Autor Wątek: Ewakuacja z bloku. jak to powinno być...  (Przeczytany 12784 razy)

Offline MIKO

  • Global Moderator
  • *
  • Wiadomości: 4.300
Odp: Ewakuacja z bloku. jak to powinno być...
« Odpowiedź #25 dnia: Styczeń 09, 2009, 21:42:24 »
No właśnie chciałem napisać by podał choć JRG to sprawdzimy , może jakiś specjalny test wiedzy załatwimy w czasie kontroli by w przyspieszonym trybie awansował – wszystko do załatwienia  .

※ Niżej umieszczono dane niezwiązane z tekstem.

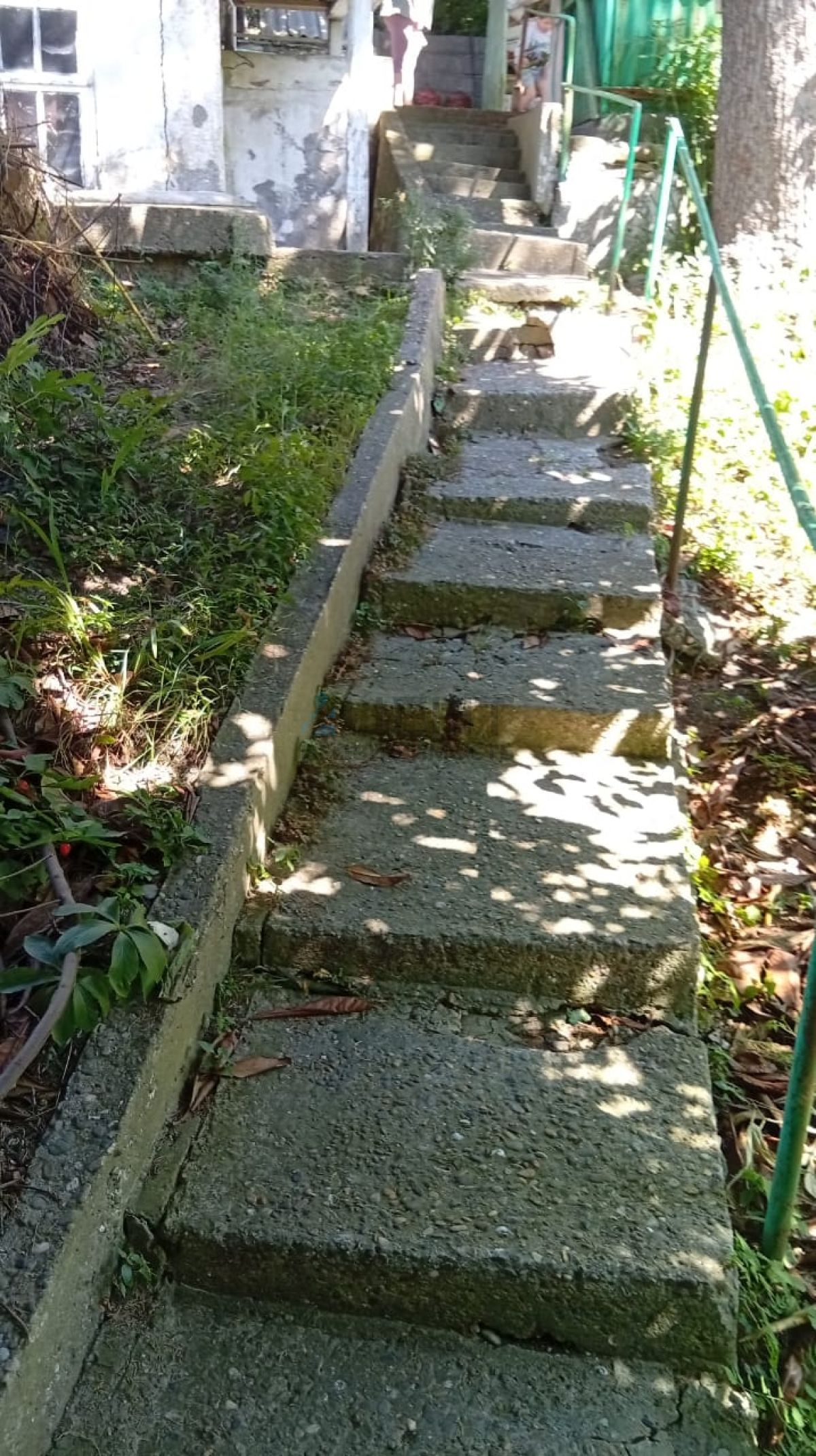 68c7aecb6eb70.jpg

Takiego kolegę, z PA  który chciał szkolić OSP odpłatnie z tego forum już namierzyłem po jednym dniu  a , że bardzo brzydko mówił również o kolegach Naczelnikach z OSP na jego rejonie , to grzecznie spytałem  na najbliższej odprawie zainteresowanych czy mieli okazję już służyć pod rozkazami – jak się okazało niekoniecznie heeeeee

Więc wszystko do załatwienia – wartościowych ludzi zawsze mogę promować  -_-

Sam temat ewakuacji na razie pozostawiam dalszej dyskusji . Śledzę wytrwale – dla poszukiwaczy historii chciał bym tylko dopowiedzieć , że prowadziliśmy kiedyś bardzo ciekawą dyskusję z @Hazmat w temacie i trochę ciekawych wniosków tam było .

Pozdrawiam MIKO   

Offline pegaz1983

  • Początkujący
  • *
  • Wiadomości: 15
Odp: Ewakuacja z bloku. jak to powinno być...
« Odpowiedź #26 dnia: Styczeń 09, 2009, 21:57:12 »
od 11 lat jestem w osp czyli  członkiem obecnie a to nie znaczy ze tyle lat biorę udział w akcjach. Posiadam stopię naczelnika , i to upoważnia mnie do dowodzenia akcja gaśnicza . A analfabeta to osoba która nie umie pisać a nie osoba która robi błędy   i gdzie pańska  inteligencja panie madmax 29 . a co o jazdy na akcje w wieku 15 lat to w osp i tak sie zdarza a ja mialem 17 gdy pojechałem na pierwsza akcje. pozdrawiam

Offline Kuba85

  • Bywalec
  • *
  • Wiadomości: 24
Odp: Ewakuacja z bloku. jak to powinno być...
« Odpowiedź #27 dnia: Styczeń 09, 2009, 22:34:09 »
Panowie. tak czytam Wasze biadolenie nie na temat. Może spróbuje swoich sił i pójdę w Wasze ślady i zacznę również podejrzewać... Chociaż spróbuje bo weteranem nie jestem tak jak Wy. I  dodam, że słabo z nami jak bałaganiarzy przyjmują,.  apel do moderatora. zrób Panie jakiś ordnung...

Offline MIKO

  • Global Moderator
  • *
  • Wiadomości: 4.300
Odp: Ewakuacja z bloku. jak to powinno być...
« Odpowiedź #28 dnia: Styczeń 09, 2009, 22:42:41 »
Na razie spoko to tak na rozluźnienie było , ale liczę że wrócimy do dyskusji 

Offline Kuba85

  • Bywalec
  • *
  • Wiadomości: 24
Odp: Ewakuacja z bloku. jak to powinno być...
« Odpowiedź #29 dnia: Styczeń 09, 2009, 22:48:07 »
na privie sie rozluźniajcie różnokolorowymi tekstami. a apel nie był Miko do Ciebie tylko do Witolda.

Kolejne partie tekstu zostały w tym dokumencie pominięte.